A/B testing, also known as split testing, pits two samples against each other to prove a hypothesis about their performance. In the world of digital marketing, A/B tests usually pit two CTA buttons or other landing page elements against each other to see which one will lead to more leads or conversions.

A/B testing can help you gain key insights about your overall digital marketing strategy through smaller details and adjustments. A single A/B test isn’t going to tell you how to create the best landing page or marketing strategy, but it will move you closer to an optimised site with results that you can trust.

Who Uses A/B Testing?

Businesses large and small, across all industries, can take advantage of A/B testing to improve their conversion rate and see more sales this year. A majority of companies (58%) are already using A/B testing to optimise their conversion rates.
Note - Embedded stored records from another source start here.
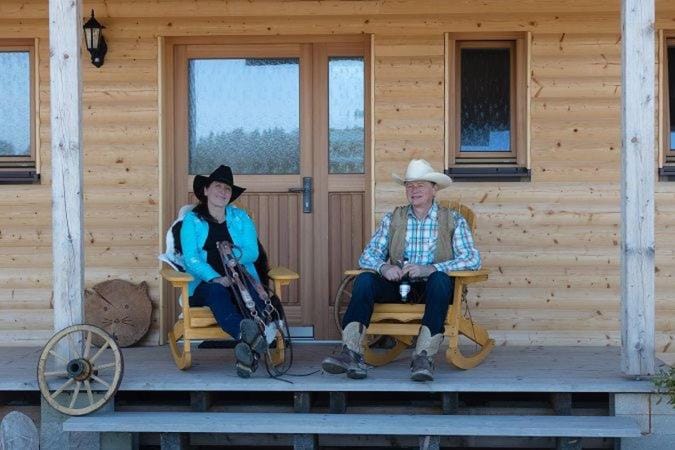 Big Sky Ranch Bed and Breakfast in Upper Austria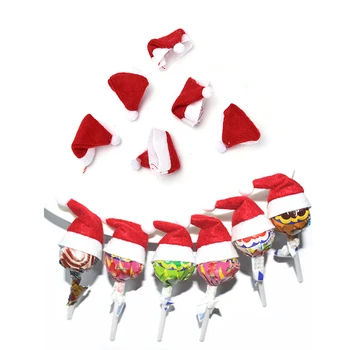 Karšto Pardavimui, Kalėdų Vainikai Lipdukas Saldainis Padengti Viršūnes Pakabučiai Miniatiūriniai Kalėdų Medžio Kabo Ornamentu Namų Decoraitons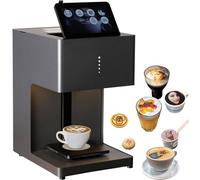 Coffee Latte Art Maker - Smart Food Printer with WIFI Connection, 200/600 DPI, DIY Custom Designs for Beverage Foam & Desserts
Google has been using A/B tests to optimise their search results since 2000. (Their first tests were a failure, so don’t be discouraged if your first A/B tests don’t go as planned!) In the past 18 years, Google has improved their testing method and conducted over 7,000 A/B tests to improve their site.
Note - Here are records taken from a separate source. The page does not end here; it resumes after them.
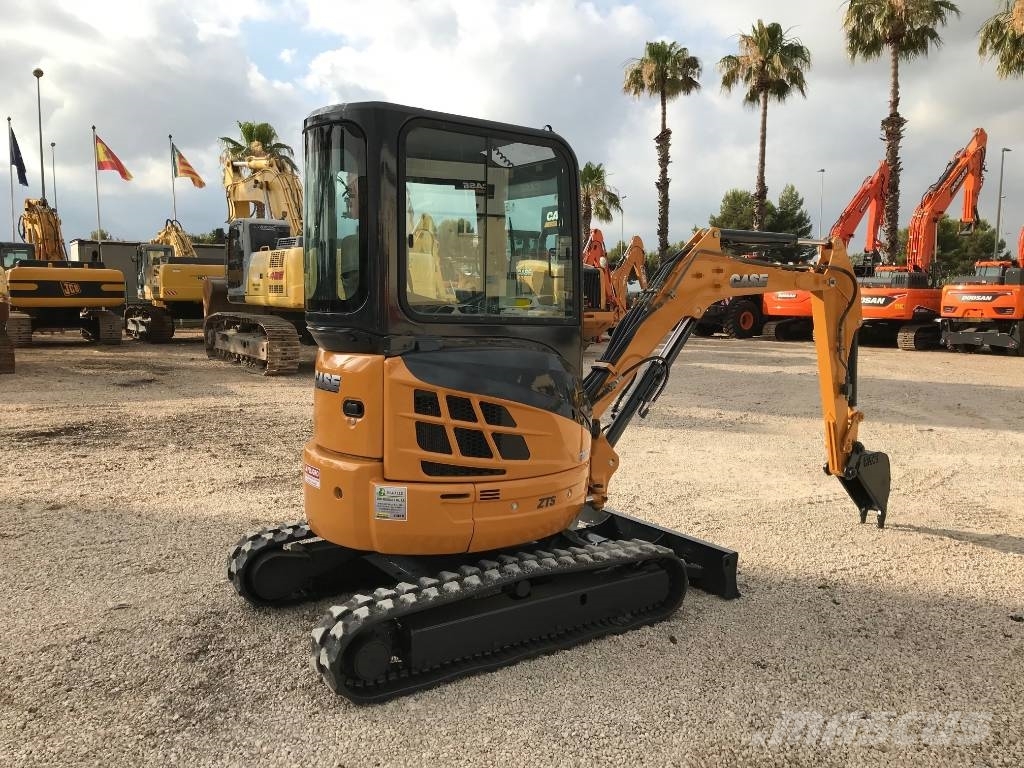 CASE CX 27 B Mini excavators < 7t (Mini diggers)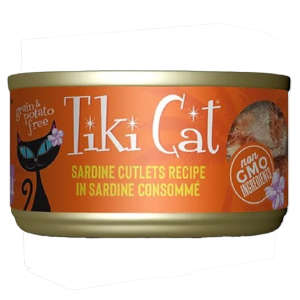 Tiki Cat Grill WCF Tahitian - 80GR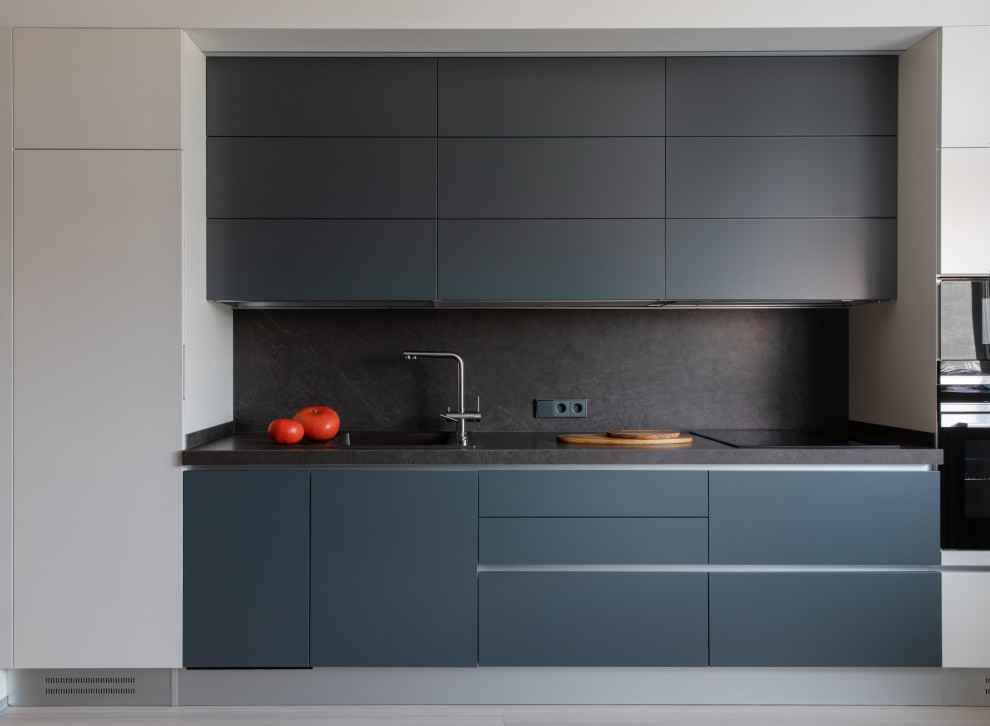 Минималистский интерьер квартиры 130 м² в Ростове-на-Дону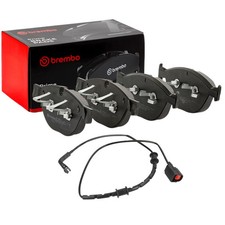 BREMBO Bremsbeläge mit WAKO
One of the most well-known successes of A/B testing happened in late 2007. Barack Obama’s presidential campaign turned to Optimizely to run A/B and multivariate tests on a landing page that aimed to generate leads with email addresses. They looked at four different CTA buttons and six different media (photos and videos,) on a single landing pages. While the campaign staff admitted that they had a preferred CTA and video that they wanted to see on the page, the results of the A/B tests showed that a different combination would increase signups by 40%. This 40% led to over $60 million in donations. Since then, the success of the campaign has been a big selling point for A/B testing for lead generation and conversion rate optimisation.
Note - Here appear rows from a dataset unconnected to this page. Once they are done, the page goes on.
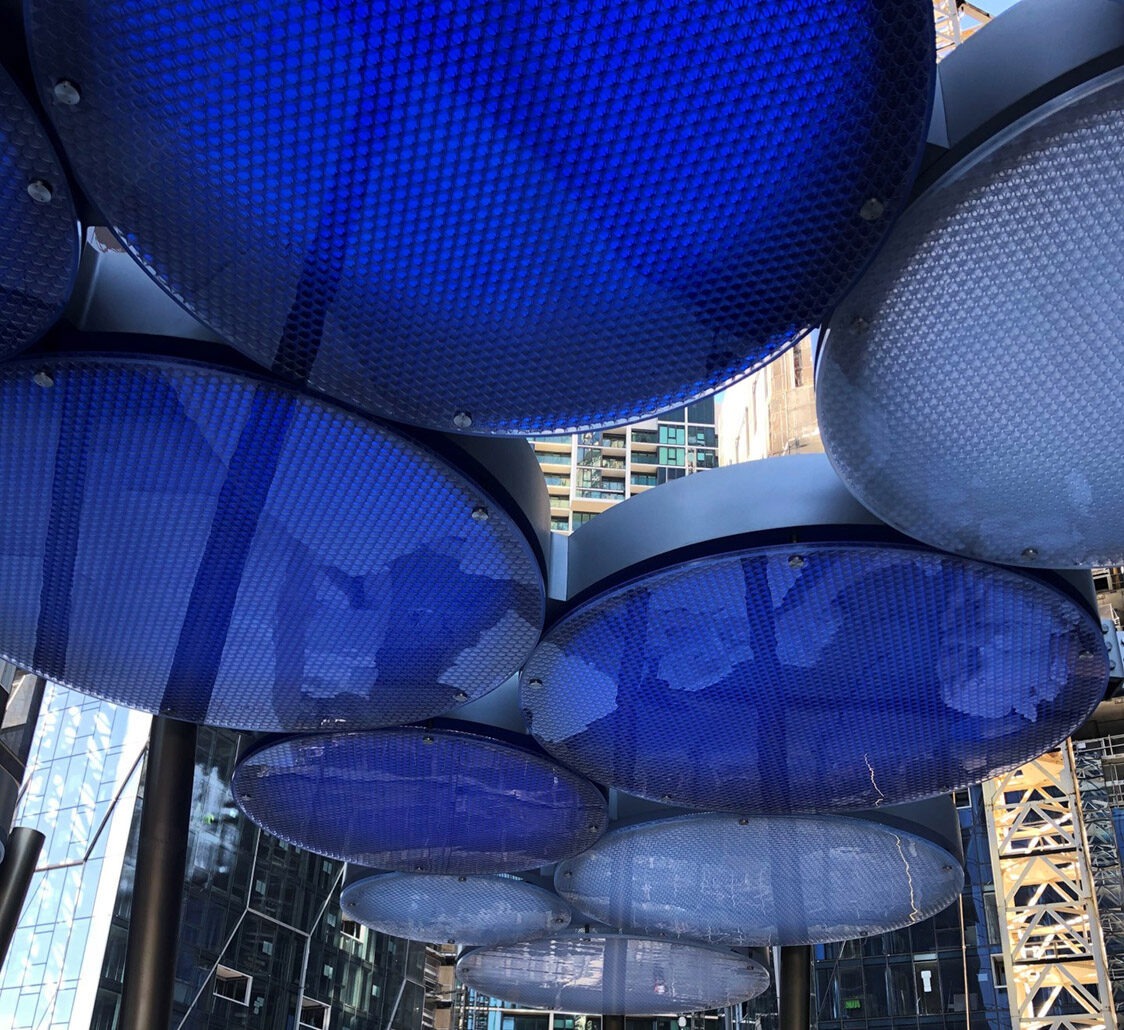 Moxie Surfaces - clear-PEP ECO as bespoke canopy solution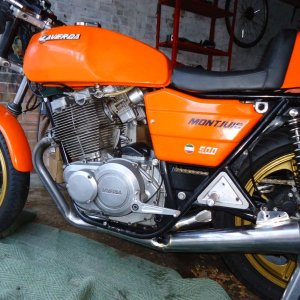 Cox Eng - Montjuic exhaust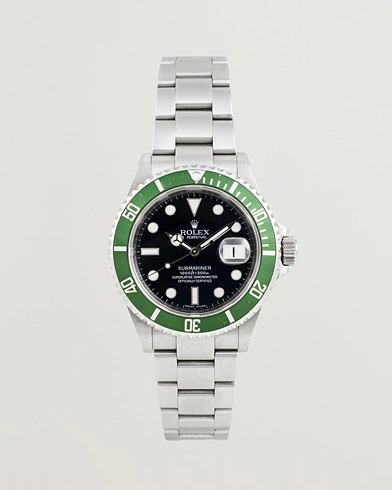 Brugt: | Nyheder | Rolex Pre-Owned | Submariner Kermit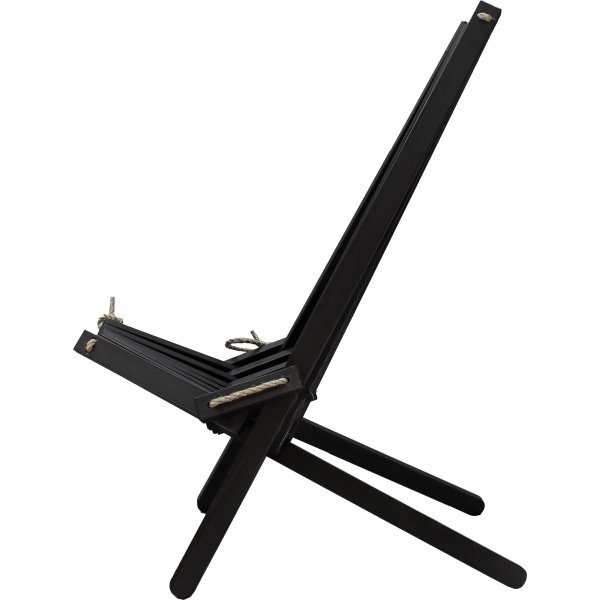 Calcutta stol - Svart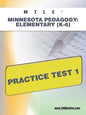 Mtle Minnesota Pedagogy: Elementary (K-6) Practice Test 1 - Paperback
Even if your goals are significantly lower than $60 million, you can still use A/B testing to see what it takes to move more website visitors along the buyer’s journey and boost your overall conversion rate.

How A/B Testing Works

A/B testing brings statistics into the marketing world. We’ve outlined the basics of A/B testing blow, but if your team hasn’t conducted A/B tests before, you should consider consulting with a CRO expert.

Define your goals.

A/B tests are far from broad, so you will have to hone in on a specific goal or metric that you want to reach with your results. Ask yourself the following questions before you set up A/B tests:

  • What type of conversions do we want to see? (Email signups, sales, etc.)
  • Where do we want conversions to come from? (Landing pages, social media posts, etc.)
  • What have we previously produced or chosen to convert users?
  • How does this test fit into our overall CRO strategy or current marketing campaign?
  • How can we use these tests and results in future marketing campaigns?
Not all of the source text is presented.